:: SOURCE DATA ::

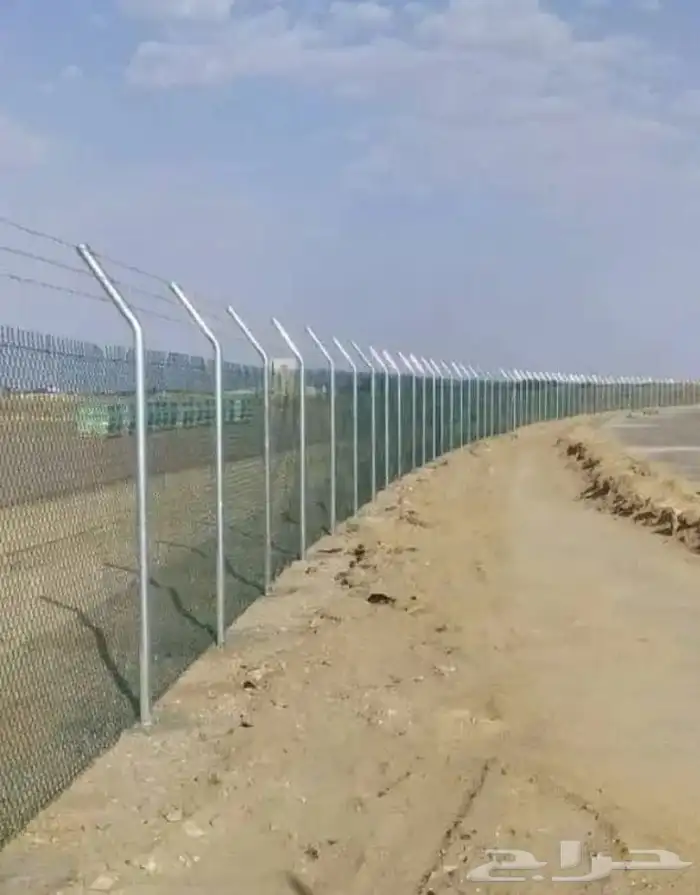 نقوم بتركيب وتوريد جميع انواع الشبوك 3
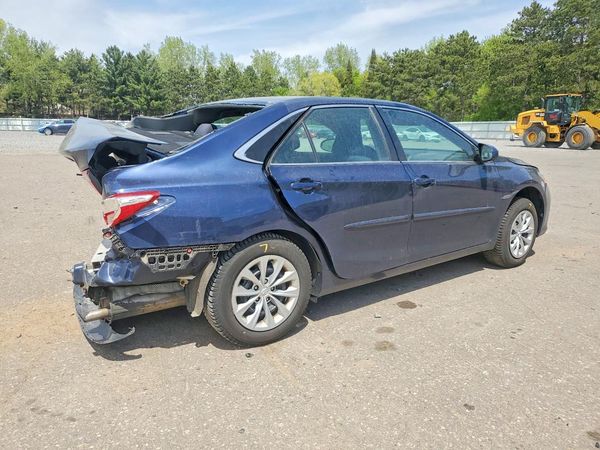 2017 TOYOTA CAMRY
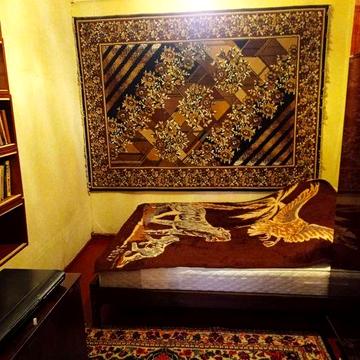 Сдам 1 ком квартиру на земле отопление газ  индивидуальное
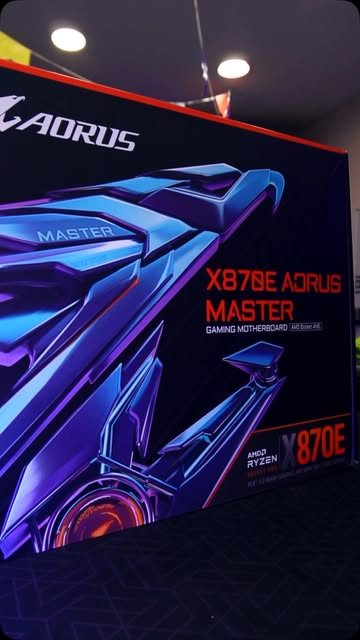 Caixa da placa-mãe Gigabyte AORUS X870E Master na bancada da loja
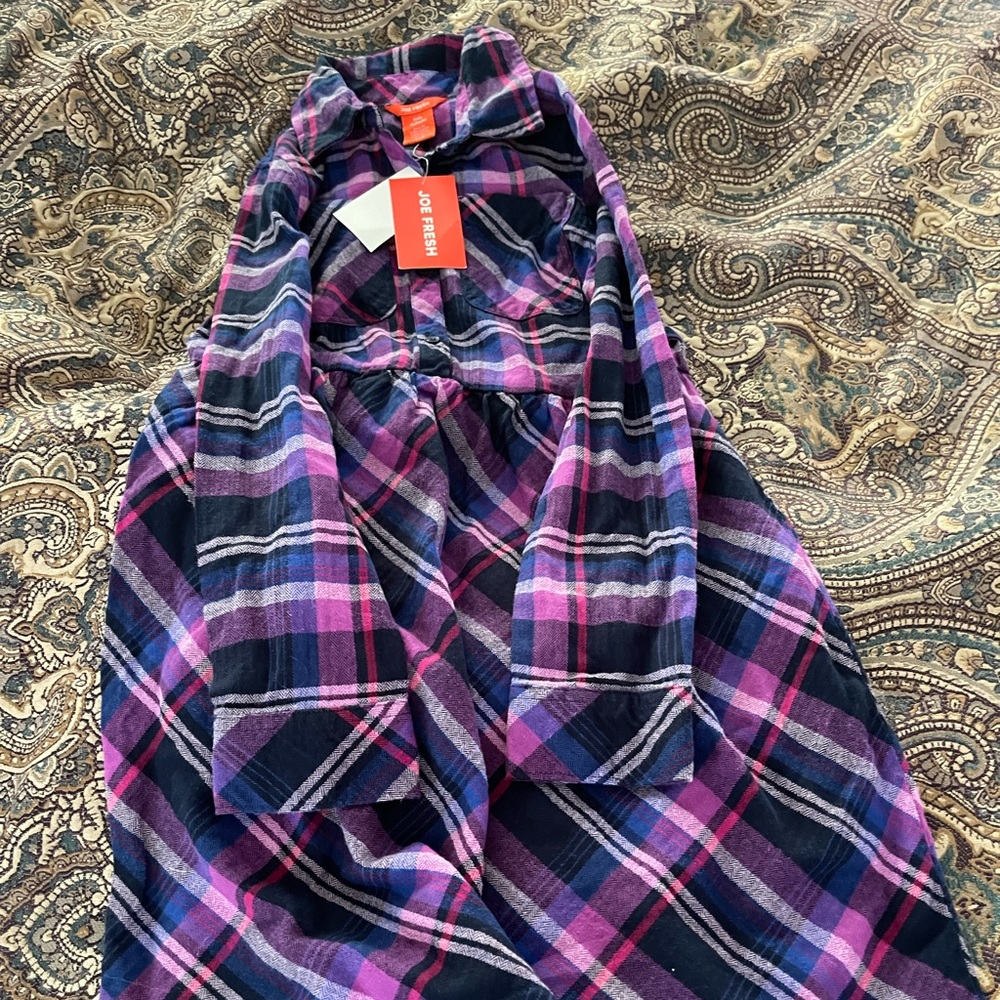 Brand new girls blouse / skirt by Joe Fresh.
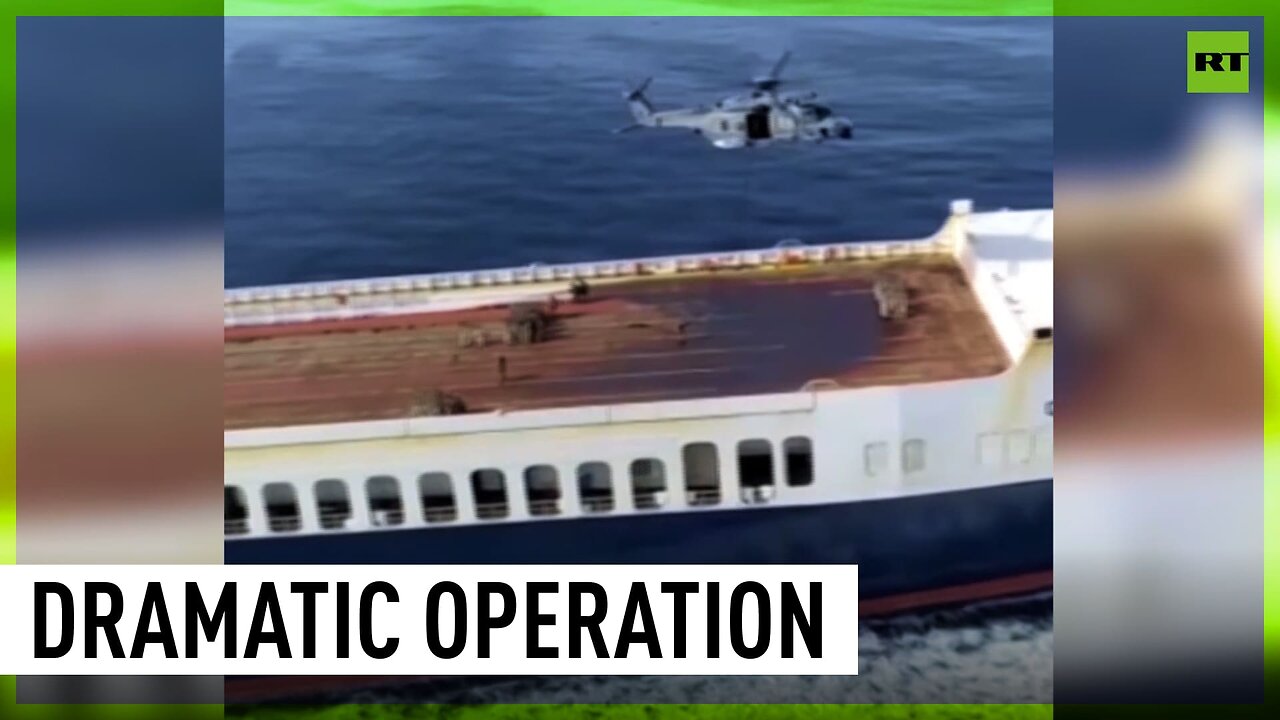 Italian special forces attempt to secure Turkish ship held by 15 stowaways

:::
:: SOURCE DATA ::

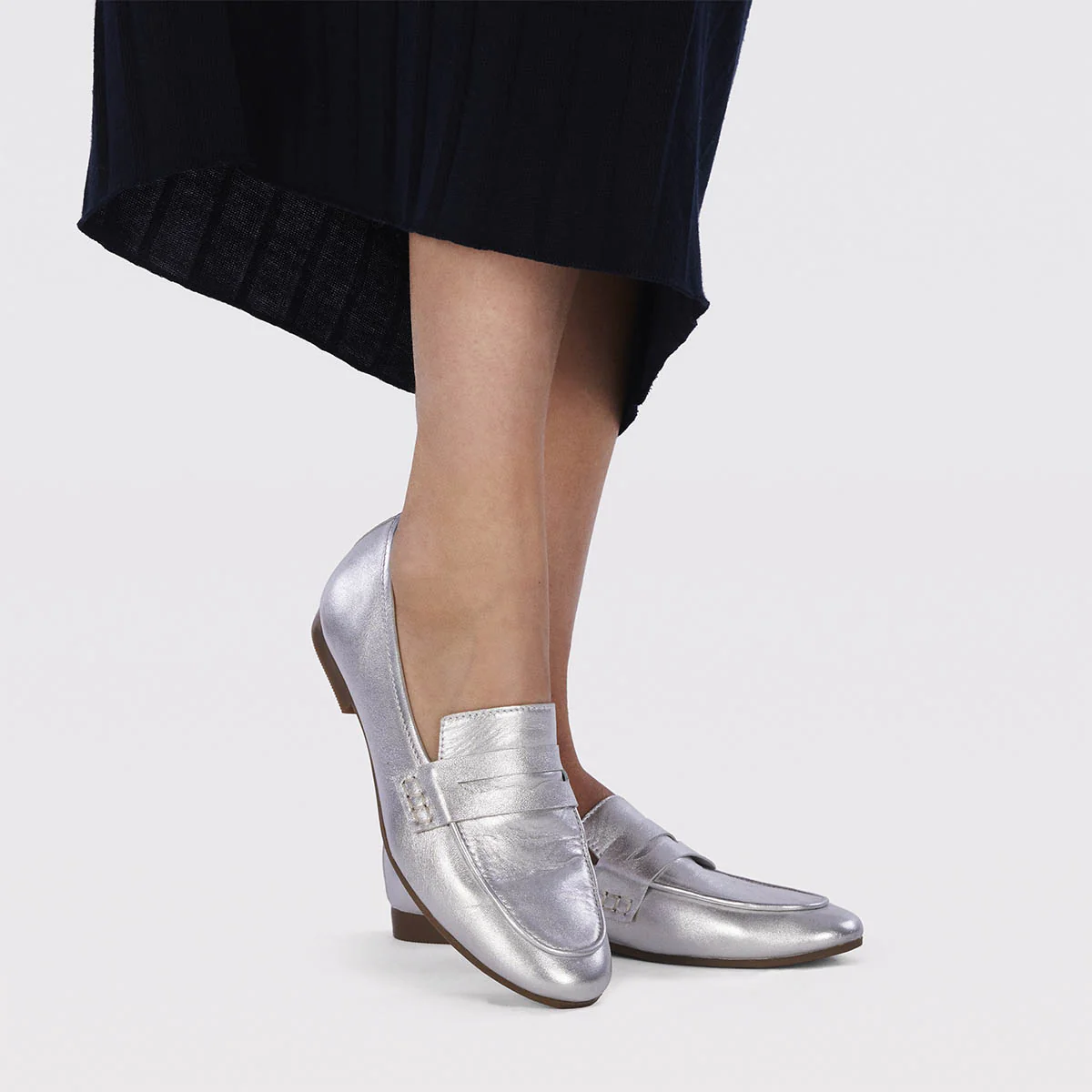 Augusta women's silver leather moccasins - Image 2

:::
:: SOURCE DATA ::

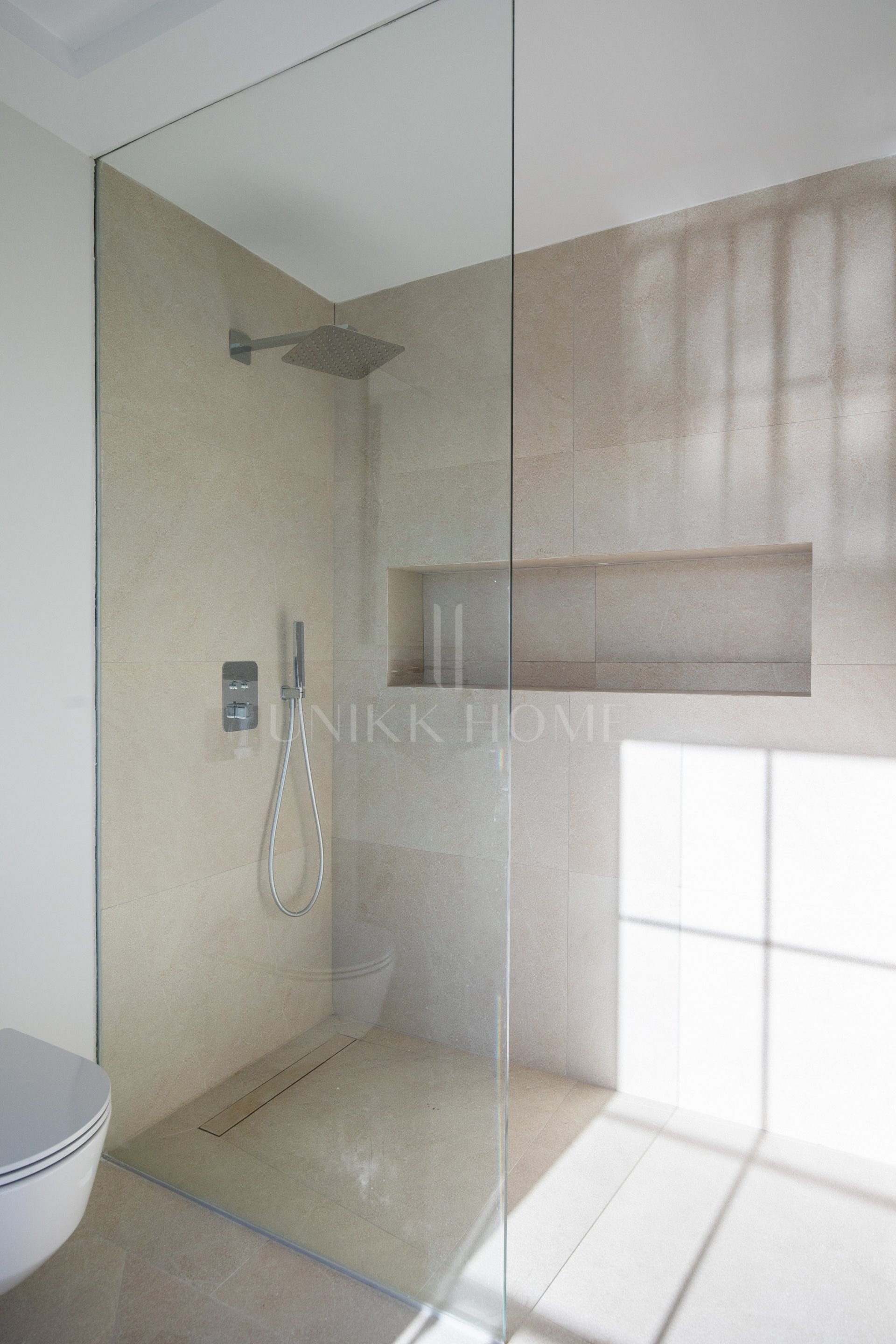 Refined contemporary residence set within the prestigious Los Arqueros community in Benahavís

:::

▸ ASSIGNMENT
Copy exactly the material above from the line with "نقوم بتركيب وتوريد جميع انواع الشبوك 3" to the line with "Italian special forces", ends included, and nothing else. Leave out any picture.

▸ TASK RESULT
 نقوم بتركيب وتوريد جميع انواع الشبوك 3
 2017 TOYOTA CAMRY
 Сдам 1 ком квартиру на земле отопление газ  индивидуальное
 Caixa da placa-mãe Gigabyte AORUS X870E Master na bancada da loja
 Brand new girls blouse / skirt by Joe Fresh.
 Italian special forces attempt to secure Turkish ship held by 15 stowaways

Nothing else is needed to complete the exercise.